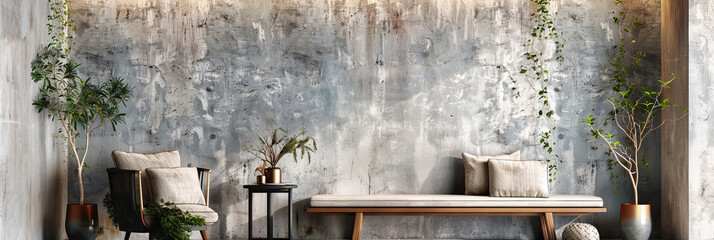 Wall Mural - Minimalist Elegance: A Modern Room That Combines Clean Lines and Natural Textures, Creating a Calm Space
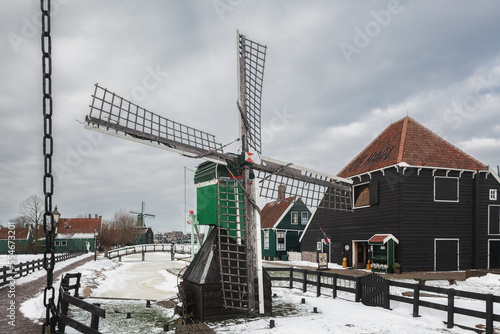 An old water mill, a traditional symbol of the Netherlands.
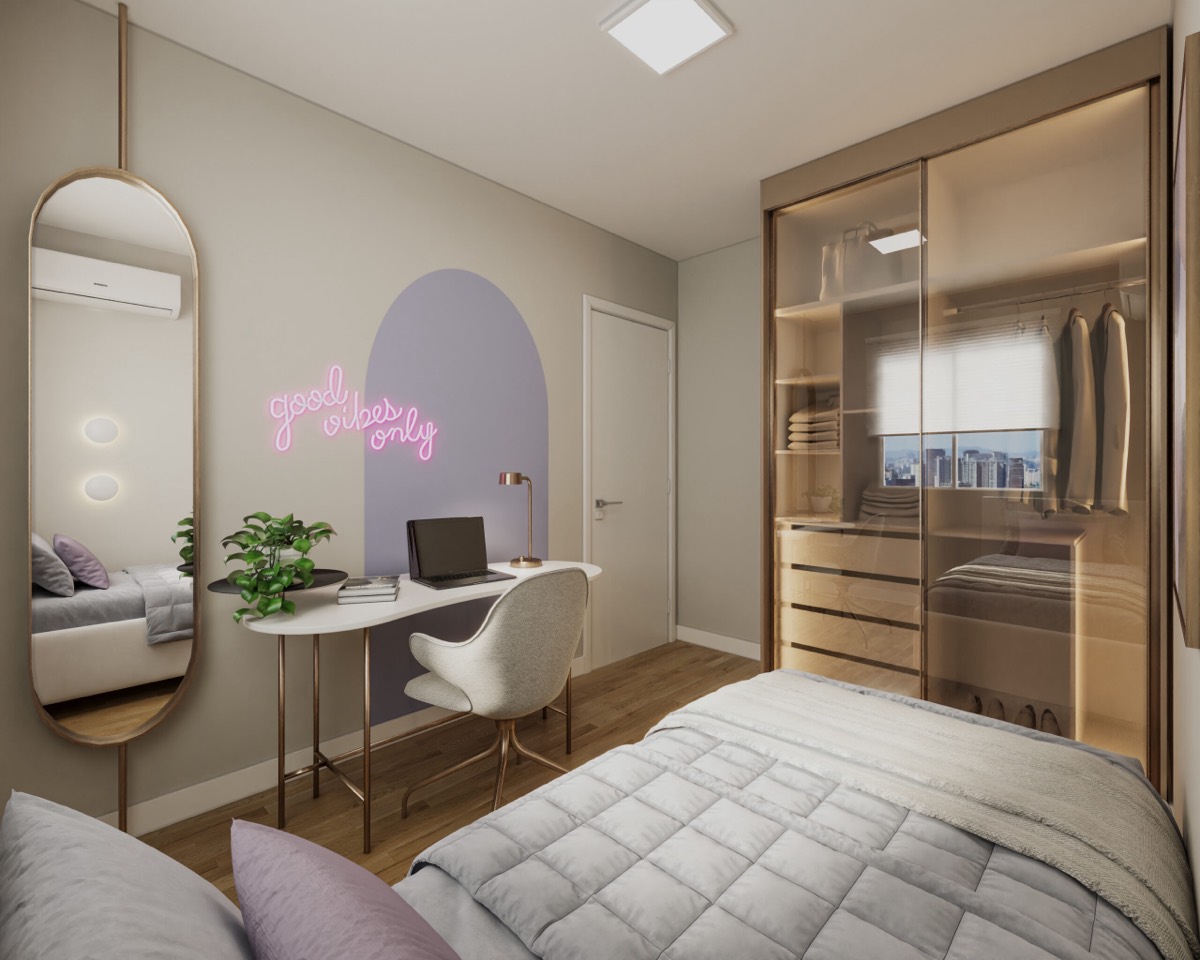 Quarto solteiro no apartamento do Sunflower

-=-=-=-=-

Could you set down, exactly as written, every line from the one with "An old water" to the end of the data, both ends included? Leave out the pictures.

 An old water mill, a traditional symbol of the Netherlands.
 Quarto solteiro no apartamento do Sunflower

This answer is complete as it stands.